Development syndromes in New World temperate and tropical songbirds
Research output: Contribution to journal › Article
We studied avian development in 49 to 153 species of temperate and tropical New World passerine birds to determine how growth rates, and incubation and nestling periods, varied in relation to other life-history traits. We collected growth data and generated unbiased mass and tarsus growth rate estimates (mass n = 92 species, tarsus n = 49 species), and measured incubation period (n = 151) and nestling period (n = 153), which we analyzed with respect to region, egg mass, adult mass, clutch size, parental care type, nest type, daily nest predation rate (DMR), and nest height. We investigated covariation of life-history and natural-history attributes with the four development traits after controlling for phylogeny. Species in our lowland tropical sample grew 20% (incubation period), 25% (mass growth rate), and 26% (tarsus growth rate) more slowly than in our temperate sample. Nestling period did not vary with respect to latitude, which suggests that tropical songbirds fledge in a less well-developed state than temperate species. Suboscine species typically exhibited slower embryonic and post-embryonic growth than oscine passerines regardless of their breeding region. This pattern of slow development in tropical species could reflect phylogenetic effects based on unknown physiological attributes. Time-dependent nest mortality was unrelated to nestling mass growth rate, tarsus growth rate, and incubation period, but was significantly associated with nestling period.
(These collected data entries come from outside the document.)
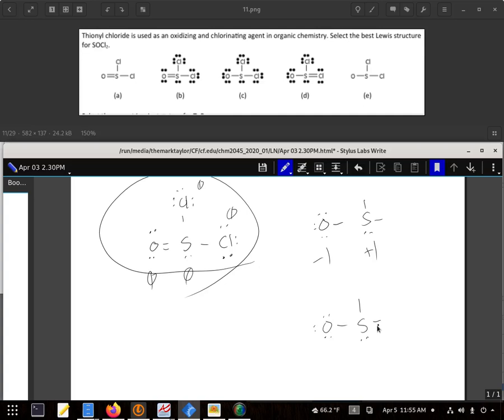For D, sulfur's okay. It's the chlorine that gets the negative. The oxygen has a negative 1 formal charge, and that particular chlorine ends up being a positive 1. So B is our answer.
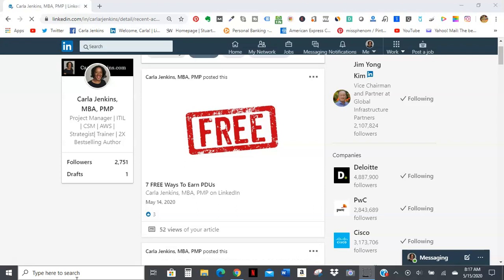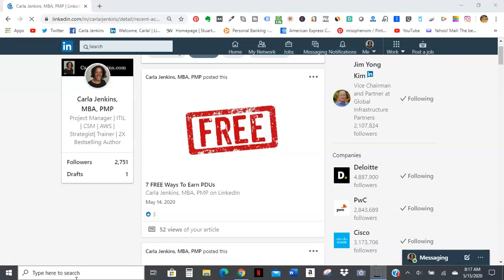Remember, just because money is tight doesn't mean that your project management future cannot be bright. And these are seven free ways to earn professional development units to either sit for the PMP or CAPM, or to renew it.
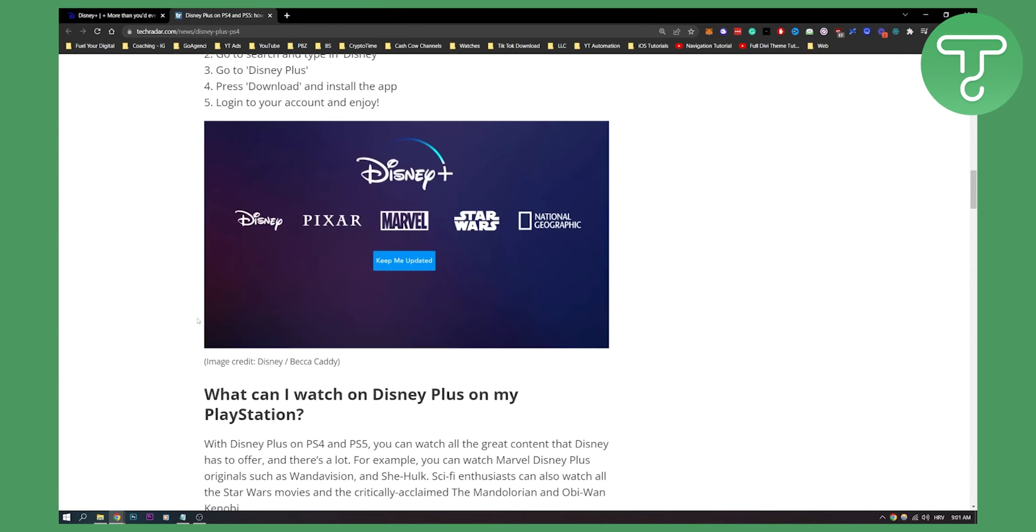That's pretty much how to do it and how to log in to Disney Plus on PS4 and PS5. Subscribe to our channel if you want to know more about Disney Plus, and we'll see you in the next video. Thank you guys for watching.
This suggests that nest predation, the predominant cause of nest loss in songbirds, does not exert strong selection on physiologically constrained traits, such as embryonic and post-embryonic growth, among our samples of temperate and lowland tropical songbird species. Nestling period, which is evolutionarily more labile than growth rate, was significantly shorter in birds exposed to higher rates of nest loss and nesting at lower heights, among other traits. Differences in life-history variation across latitudes provide insight into how unique ecological characteristics of each region influence physiological processes of passerines, and thus, how they can shape the evolution of life histories. While development traits clearly vary with respect to latitude, trait distributions overlap broadly. Life-history and natural history associations differ for each development trait, which suggests that unique selective pressures or constraints influence the evolution of each trait.